In the listing below, find each line with the string "Trang" and report it.

::: Data for analysis

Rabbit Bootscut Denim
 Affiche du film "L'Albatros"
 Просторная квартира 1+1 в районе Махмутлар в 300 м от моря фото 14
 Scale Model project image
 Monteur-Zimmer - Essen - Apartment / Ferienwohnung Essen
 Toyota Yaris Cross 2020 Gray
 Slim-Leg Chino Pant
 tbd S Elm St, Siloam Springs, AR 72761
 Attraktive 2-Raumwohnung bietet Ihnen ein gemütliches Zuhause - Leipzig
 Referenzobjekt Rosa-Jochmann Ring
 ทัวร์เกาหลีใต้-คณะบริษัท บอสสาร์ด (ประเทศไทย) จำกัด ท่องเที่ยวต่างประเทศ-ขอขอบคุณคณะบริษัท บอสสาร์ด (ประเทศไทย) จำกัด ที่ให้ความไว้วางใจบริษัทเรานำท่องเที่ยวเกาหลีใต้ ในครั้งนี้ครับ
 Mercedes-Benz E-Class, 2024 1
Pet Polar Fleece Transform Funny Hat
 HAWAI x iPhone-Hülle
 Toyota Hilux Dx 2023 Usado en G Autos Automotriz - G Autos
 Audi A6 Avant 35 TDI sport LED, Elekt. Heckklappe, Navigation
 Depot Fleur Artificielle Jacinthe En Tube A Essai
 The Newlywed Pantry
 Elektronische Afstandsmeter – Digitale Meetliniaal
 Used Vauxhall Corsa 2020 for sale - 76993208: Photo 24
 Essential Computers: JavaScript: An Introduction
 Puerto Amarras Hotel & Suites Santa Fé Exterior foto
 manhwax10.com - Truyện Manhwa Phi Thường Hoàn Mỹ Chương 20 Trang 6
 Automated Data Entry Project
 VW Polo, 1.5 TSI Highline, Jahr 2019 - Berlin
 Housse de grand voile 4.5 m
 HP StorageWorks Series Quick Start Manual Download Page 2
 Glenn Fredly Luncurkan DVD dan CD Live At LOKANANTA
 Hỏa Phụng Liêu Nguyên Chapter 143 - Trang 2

::::::

### Solution
 manhwax10.com - Truyện Manhwa Phi Thường Hoàn Mỹ Chương 20 Trang 6
 Hỏa Phụng Liêu Nguyên Chapter 143 - Trang 2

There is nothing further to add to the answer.